Intel Light Peak technology is demonstrated, we want it yesterday
Subject: General Tech | May 6, 2010 - 03:42 PM | Ryan Shrout
Yes, you hear me rant and rave about how awesome USB 3.0 is - and I still think that is the case. No doubt we should be trying as much as possible to move away from legacy USB 2.0 crap and move into the world of USB 3.0 that is about 10x faster. But at PC Perspective we are always looking ahead (except when we are looking behind us for that guy with the knife) and the light at the end of the connectivity tunnel might just be Light Peak.
This is a prototype Light Peak card we spotted at CES
The Intel developed Light Peak technology is an optical interconnect that can transmit data at up to 10 Gbit/s bi-directionally. The connection could be used for everything from network connectivity to mass storage devices and even become a substitute for HDMI/DisplayPort outputs. Intel's eventual goal is to have just a single Light Peak connection split off into basically all of these functions. The ability to "dock" a high powered notebook computer to a monitor, keyboard/mouse, storage and network with just a single Light Peak cable is very compelling.
The news today however comes from PC Pro as Intel had their first public demonstration of Light Peak running to/from a notebook computer.

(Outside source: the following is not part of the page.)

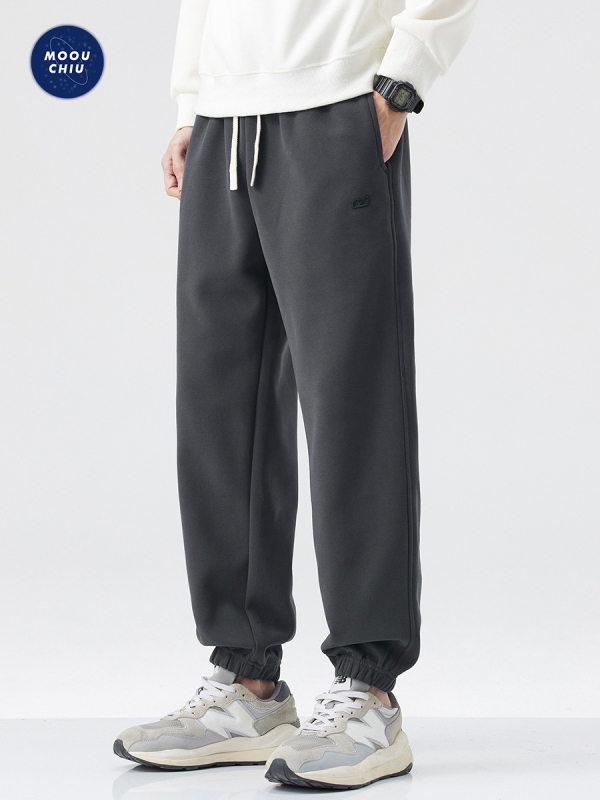 Vīriešu sporta bikses ar izšuvumu – brīvs piegriezums, josta ar auklu, kokvilnas-sintētiska maisījuma audums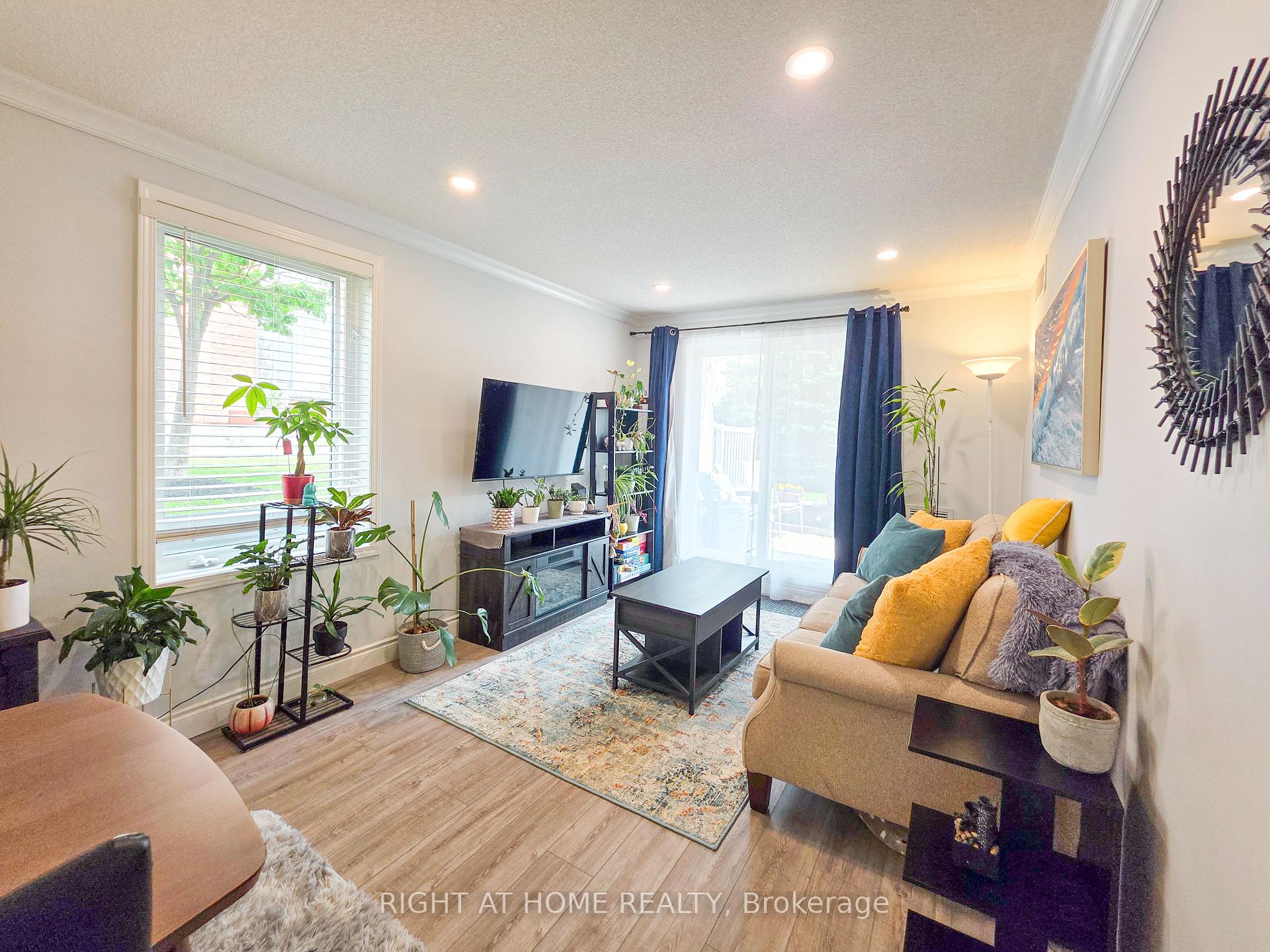 Photo 14 of Unit 1, 15 Petra Way, Whitby, Pringle Creek — HOMEH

The demo shows a single laptop pushing a pair of HD video streams to a display (seen on the left). The Light Peak integration on the notebook is built around a rather large chip (12mm) that is the analog-digital converter and since the TV didn't have the technology integrated there is a converter box there as well. Obviously in an ideal situation in 2011 the ability to receive this data would be integrated into displays as well.
Intel's CTO Justin Rattner commented at the showcase that there was no real limit to the speeds of the optical technologies and even though Light Peak was starting at 10 Gbit/s of bi-directional bandwidth Intel expects to "increase that speed dramatically." How does trillions of bits per second sound to you? Good by me, sir.
Finally, Rattner says that Light Peak technology should be available to manufacturers starting in late 2010 but no word on when we might see the first bits of consumer implementations.